WHAT IS BEING ASKED
Could you copy exactly the lines below from the one with "Polizor unghiular- flex Dewalt DCG414 - 54V" to the one with "Senior Classic Choir", inclusive, leaving out any pictures?

DATA FOR PROCESSING
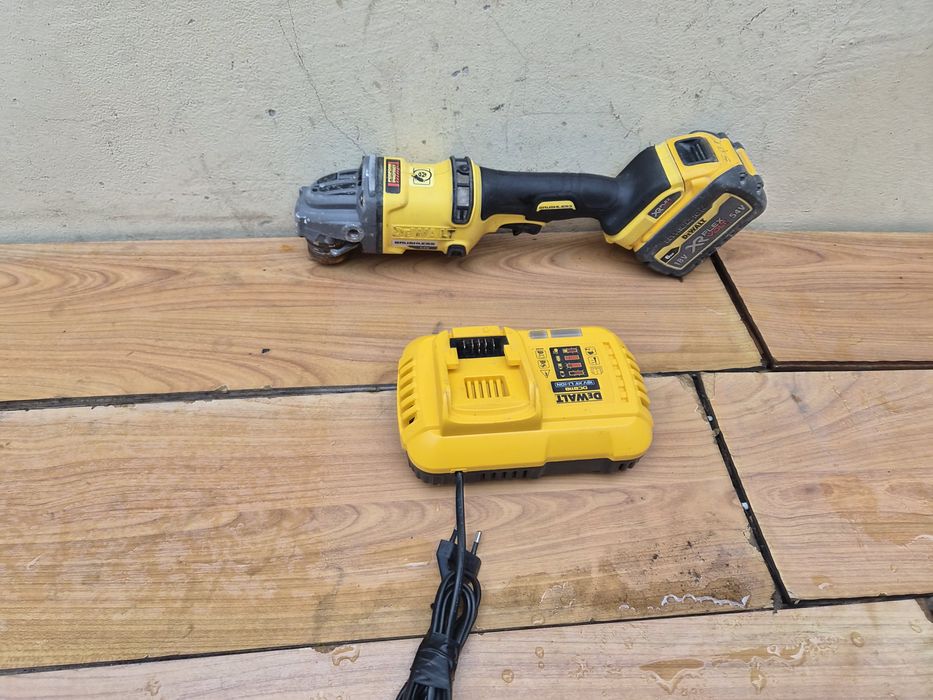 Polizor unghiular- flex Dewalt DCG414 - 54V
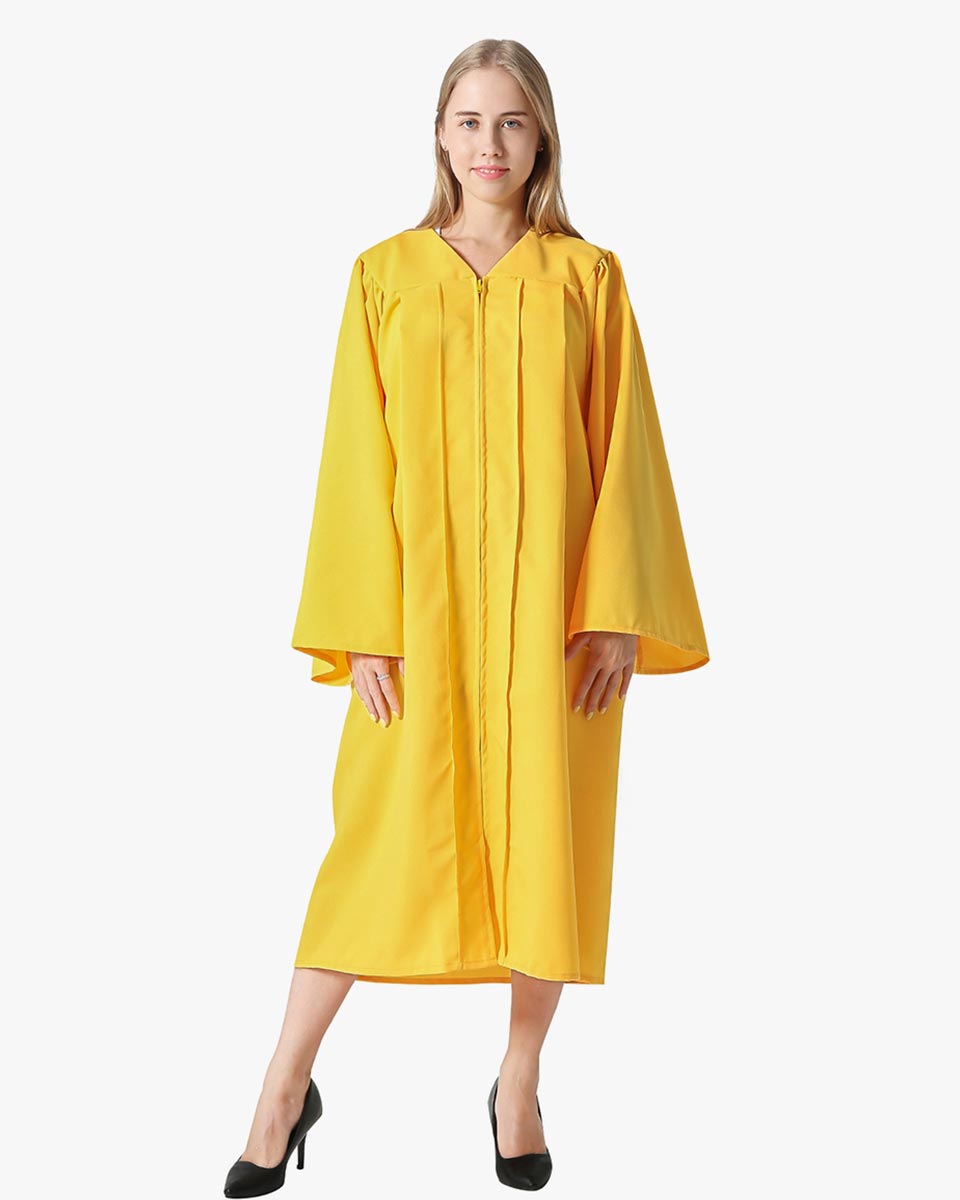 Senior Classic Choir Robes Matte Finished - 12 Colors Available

==

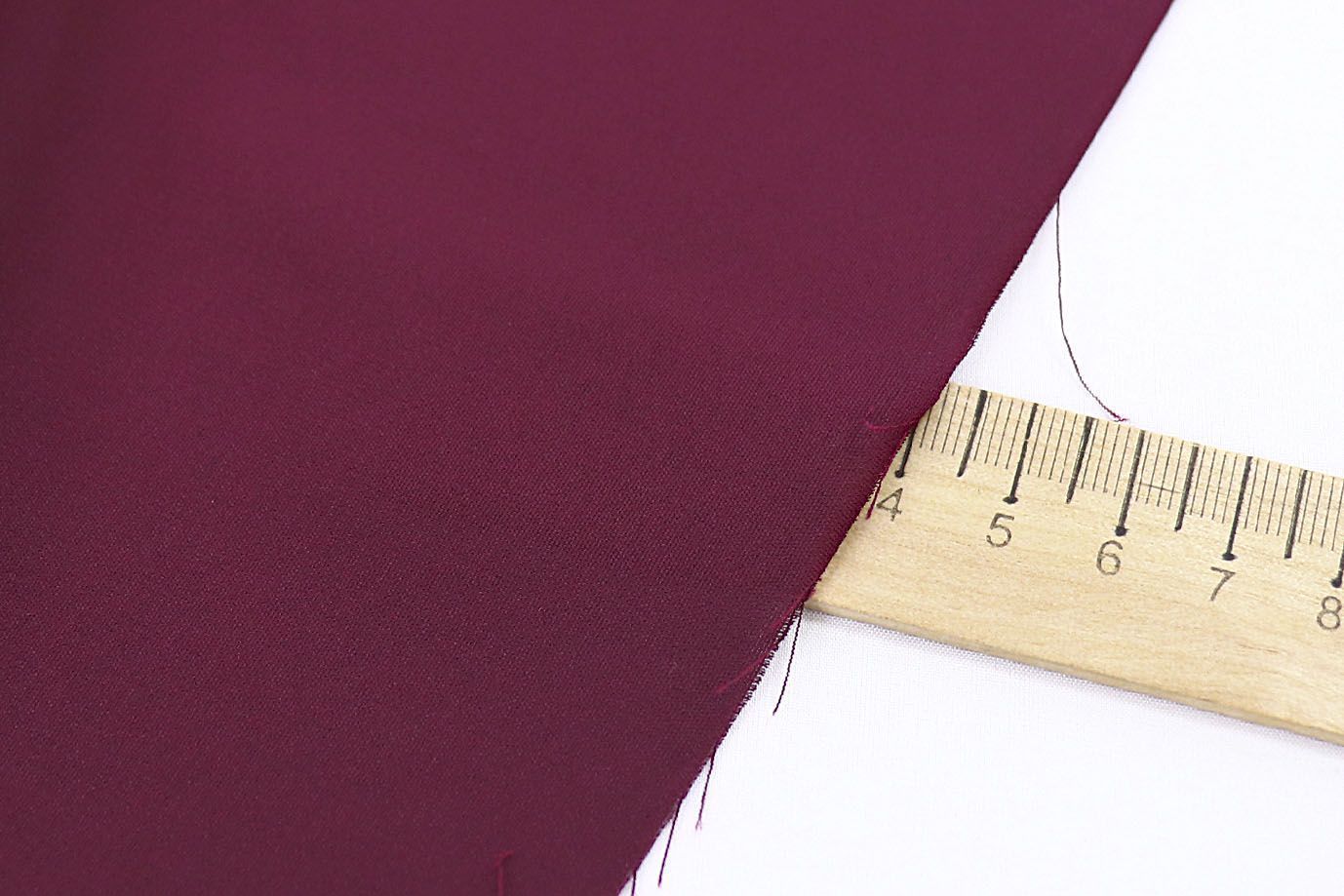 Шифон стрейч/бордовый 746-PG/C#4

ANSWER SPACE
 Polizor unghiular- flex Dewalt DCG414 - 54V
 Senior Classic Choir Robes Matte Finished - 12 Colors Available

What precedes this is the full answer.